4) Développer et intégrer le principe de l’égalité des sexes dans les activités du FIPA pour en faire un enjeu transversal.

Objectif

Action

Renforcer la capacité des hommes et femmes parlementaires à appliquer les conventions internationales sur les droits de la personne, en portant une attention particulière à la question de l’égalité des sexes

 

Resserrer les liens avec d’autres associations ou organisations interparlementaires s’occupant de développement parlementaire pour assurer la mise en commun de renseignements et d’outils favorisant l’égalité des sexes conçus spécialement pour les parlementaires.

Collaborer avec d’autres organisations à la mise sur pied d’ateliers régionaux et infrarégionaux sur des sujets choisis par la présidente du Groupe des femmes parlementaires et le Comité exécutif du FIPA.

Sur le site du Parlement virtuel, donner des exemples de mesures législatives concernant les femmes et l’égalité des sexes, notamment des lois sur la violence contre les femmes, le travail, les enfants, l’accès au pouvoir politique, l’accès à la terre, la réduction de la pauvreté, etc.
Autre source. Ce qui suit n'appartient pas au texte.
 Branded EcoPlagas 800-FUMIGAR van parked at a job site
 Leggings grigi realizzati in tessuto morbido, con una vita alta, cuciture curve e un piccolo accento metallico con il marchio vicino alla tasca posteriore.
Sur le site du Parlement virtuel, proposer des liens vers des organisations qui suivent le débat sur les droits des femmes et l’égalité des sexes et qui surveillent la ratification et l’application de conventions internationales et interaméricaines .

 

Faciliter la constitution de réseaux entre les parlementaires intéressés par la question de l’égalité des sexes

Tenir au moins une réunion par an du Groupe des femmes parlementaires, par exemple parallèlement à l’Assemblée plénière.

Créer une liste de femmes parlementaires prêtes à conseiller les femmes qui entrent au parlement ou qui s’y intéressent, et la publier sur le site du Parlement virtuel.

Suite à la mission en Haïti du Groupe des femmes du FIPA, concevoir un projet de mentorat ciblé établissant des liens entre les femmes parlementaires de la région et les femmes élues au Parlement d’Haïti afin de les aider à assumer leur nouveau rôle après les prochaines élections.

Activer le groupe de travail en ligne des femmes parlementaires.

Créer un espace sur le site du Parlement virtuel pour y afficher idées et conseils des femmes parlementaires, par exemple, comment survivre et réussir comme « femme en politique ».

Utiliser le Parlement virtuel et le bulletin du FIPA pour diffuser l’information sur les questions, la formation et les activités pouvant présenter un intérêt pour les femmes parlementaires.

Sur le site du Parlement virtuel, créer un réseau interparlementaire de défense du droit des femmes de vivre sans violence. Ce réseau coordonnerait les activités des femmes parlementaires sur cette question et faciliterait l’échange d’information sur les politiques nationales.

Encourager la participation des hommes aux activités du Groupe des femmes.

Encourager la participation des femmes à la vie politique par l’action et l’éducation

Pour la semaine internationale de la femme, la première semaine de mars, le secrétariat du FIPA travaillera avec les femmes parlementaires des Amériques à coordonner des activités favorisant la participation des femmes en politique par l’action et l’éducation. Par exemple :

  • Recommander que les femmes parlementaires tiennent une journée d’accueil dans leur bureau, comité, séance et parlement afin d’accroître la visibilité des femmes parlementaires et d’inciter les femmes à faire de la politique. Assurer le soutien, notamment une stratégie de communication et des documents de promotion et d’information à remettre aux participants.
  • Recommander que les femmes parlementaires visitent des écoles, des associations communautaires, des organisations féminines, etc., pour parler de leur expérience à d’autres femmes et leur enseigner comment participer à la vie politique.

Développer et intégrer le principe de l’égalité des sexes dans les activités du FIPA pour en faire un enjeu transversal

 

Intégrer le principe de l’égalité des sexes dans les activités du FIPA.

Favoriser la parité hommes‑femmes dans les activités et au sein des groupes de travail et du Comité exécutif du FIPA.

Trouver du financement pour les femmes parlementaires qui souhaitent participer aux activités du FIPA.

Donner de la formation sur la question de la parité à au moins un membre du secrétariat du FIPA.

Envisager la possibilité que la présidente du Groupe des femmes parlementaires siège au Comité exécutif du FIPA.